“La coltivazione della patata è, dopo il pomodoro, la principale produzione orticola nazionale – prosegue – Ciò nonostante, annualmente, si assiste ad un decremento delle superfici dedicate che costringe gli operatori a ricorrere all’importazione di prodotto estero, anche extra europeo, per soddisfare il fabbisogno italiano, con minori garanzie in termini di origine, tracciabilità e sicurezza alimentare per il consumatore”.
“Diffusa capillarmente nel Paese, inclusi gli ambienti pedoclimatici più complessi dove non esistono valide alternative colturali – aggiunge L’Abbate – la coltivazione della patata sconta elevati costi di produzione che, a seconda degli areali, si aggirano sui 12mila euro ad ettaro.
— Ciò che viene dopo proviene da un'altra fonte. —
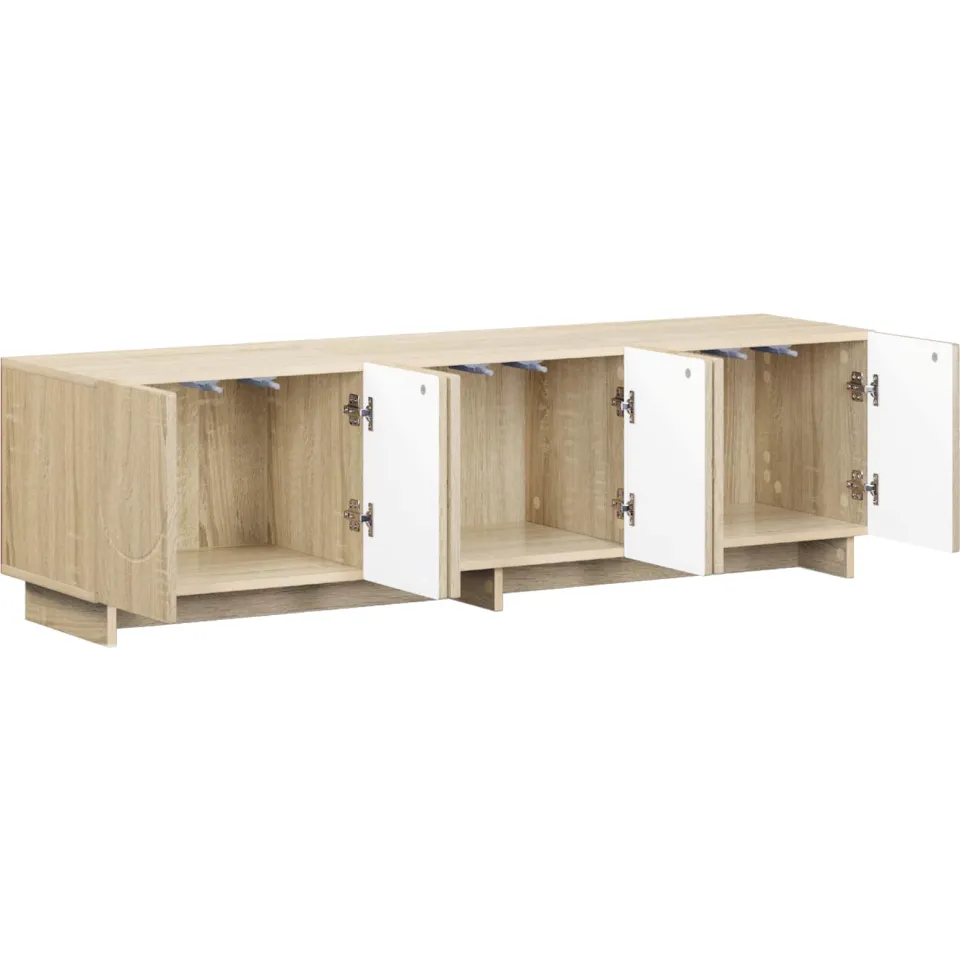 vidaXL tv-meubel 140 x 34,5 x 40 cm Sonoma Eiken Bewerkt hout Bruin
La filiera è in grado di generare un indotto che contribuisce alla creazione di posti di lavoro, anche nelle aree economicamente più svantaggiate del Paese, seppur nell’ultimo decennio non abbia beneficiato di alcuna forma di contributo o sostegno pubblico”.
“Si tratta di una coltura su cui si è già provveduto a ridurre l’impiego di mezzi chimici, allineandosi agli obiettivi previsti dalla nuova Politica Agricola Comune per una agricoltura sempre più ambientalmente sostenibile”, conclude il deputato IpF.